Image-caption web data
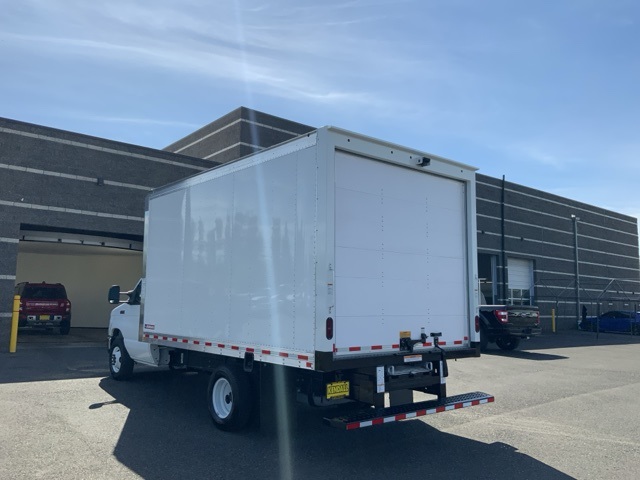 New 2026 Ford E-350 Cutaway - photo 6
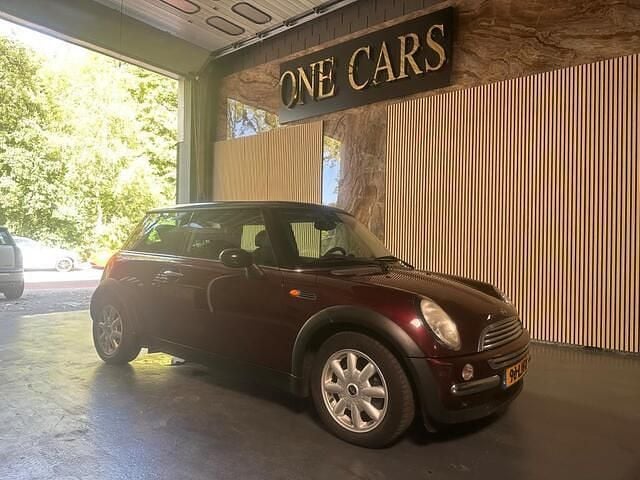 Rood Gebruikt 2003 Mini Cooper Pepper Hatchback | € 2.850 (Super prijs) - Afbeelding 1/4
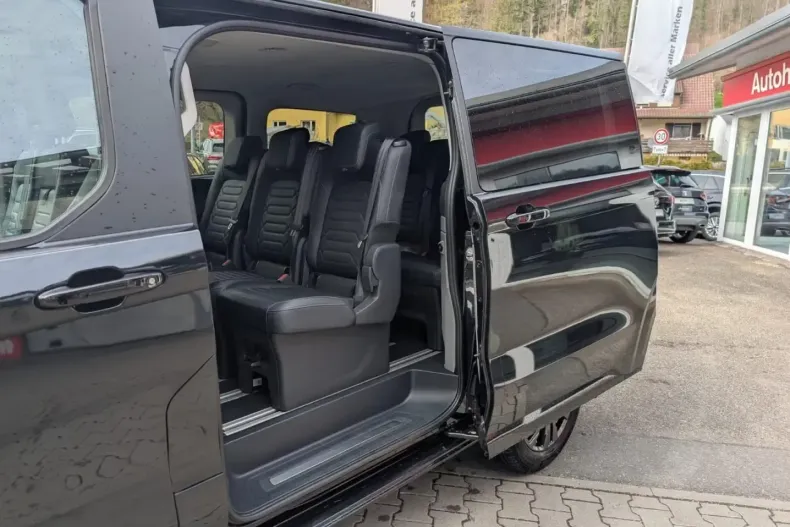 Ford Tourneo Custom din 2025 cu 40.223 km - oferta FOR205322 - foto 9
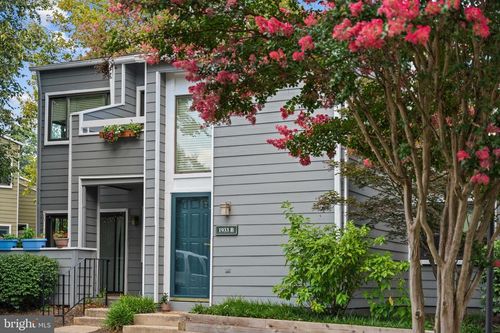 1933b-1933 Villaridge Dr, RESTON, VA, 20191-4825 | Card Image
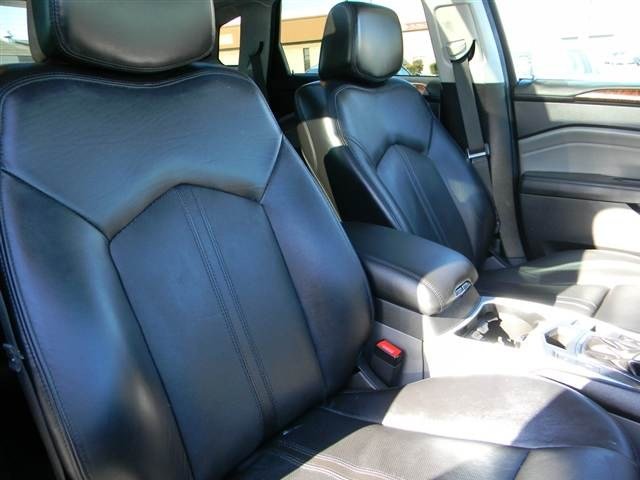 Cadillac SRX 2011 photo 5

> _DIRECTIONS_
With the images excluded, output every record verbatim.

> _RESULT OF THIS TASK_
 New 2026 Ford E-350 Cutaway - photo 6
 Rood Gebruikt 2003 Mini Cooper Pepper Hatchback | € 2.850 (Super prijs) - Afbeelding 1/4
 Ford Tourneo Custom din 2025 cu 40.223 km - oferta FOR205322 - foto 9
 1933b-1933 Villaridge Dr, RESTON, VA, 20191-4825 | Card Image
 Cadillac SRX 2011 photo 5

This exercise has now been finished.